AI

Online Cursive Handwriting Generation Using Trace Transformation and Symbol-Independent Point Classification Model

By Karina Korovai Samsung R&D Institute Ukraine

By Olga Radyvonenko Samsung R&D Institute Ukraine

By Nataliya Sakhnenko Samsung R&D Institute Ukraine

By Oleg Yakovchuk Samsung R&D Institute Ukraine

By Andrii Kroitor Samsung R&D Institute Ukraine

By Dmytro Zhelezniakov Samsung R&D Institute Ukraine

1. Introduction

Handwriting generation has been an area of active research for a long time, driven by applications in digital documents, personalized fonts, and assistive technologies. Both online (stroke-by-stroke) and offline (image-based) handwriting generation have been extensively studied [1]. They evolved toward more sophisticated architectures with a strong emphasis on disentangling style and content.

Offline methods using GANs, diffusion models, and visual transformers produce high-quality images but suffer from unrealistic spacing, background noise, inconsistent ink, and loss of subtle details.

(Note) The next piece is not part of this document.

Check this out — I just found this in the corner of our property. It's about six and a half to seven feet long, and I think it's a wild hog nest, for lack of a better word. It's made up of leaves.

Online handwriting generation evolved from early RNN-based approaches [2] into more complex architectures [3-5]. A notable advancement was the development of models trained to disentangle style representations at both writer and character levels [6-7], but these solutions focused on Chinese writing, not addressing cursive scripts where ligatures—connecting elements between letters—are essential for Latin and Cyrillic scripts [8]. Meanwhile, existing ligature generation methods [9-10] rely on manually designed heuristics and geometric assumptions, requiring extensive tuning and failing to adapt to diverse writing styles.

As a result, current approaches cannot fully address the challenge of generating high-quality cursive handwriting that preserves individual writing styles and natural letter connections, while maintaining computational efficiency for real-time editing on mobile devices.

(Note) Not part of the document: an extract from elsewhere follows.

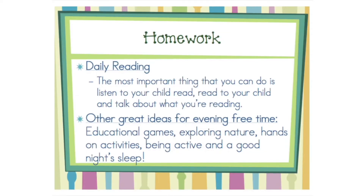The only assigned homework will be your child's take-home reading book. If you are looking for other activities for evening free time, we suggest educational games, exploring nature, hands-on activities, and being active. A good night's sleep is also very important.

We propose a novel approach for generating cursive handwritten text as digital ink traces, complementing existing single-character generation methods [6-7]. Our method learns structural segmentation directly from data using a lightweight RNN classifier and applies trace transformation to seamlessly connect symbols while preserving handwriting style. This enables unified cross-language support and real-time mobile performance.

The evaluation results demonstrate the effectiveness of our approach in cursive handwriting text generation and replicating nuanced writing styles while enabling real-time responsiveness. Although tested on Latin-based languages, the method is adaptable to other scripts with connected writing.

2. Our approach

We propose a method for handwriting ligature synthesis in two steps: structural segmentation for each symbol and stroke transformation to generate ligatures. The approach pipeline is illustrated in Fig. 1.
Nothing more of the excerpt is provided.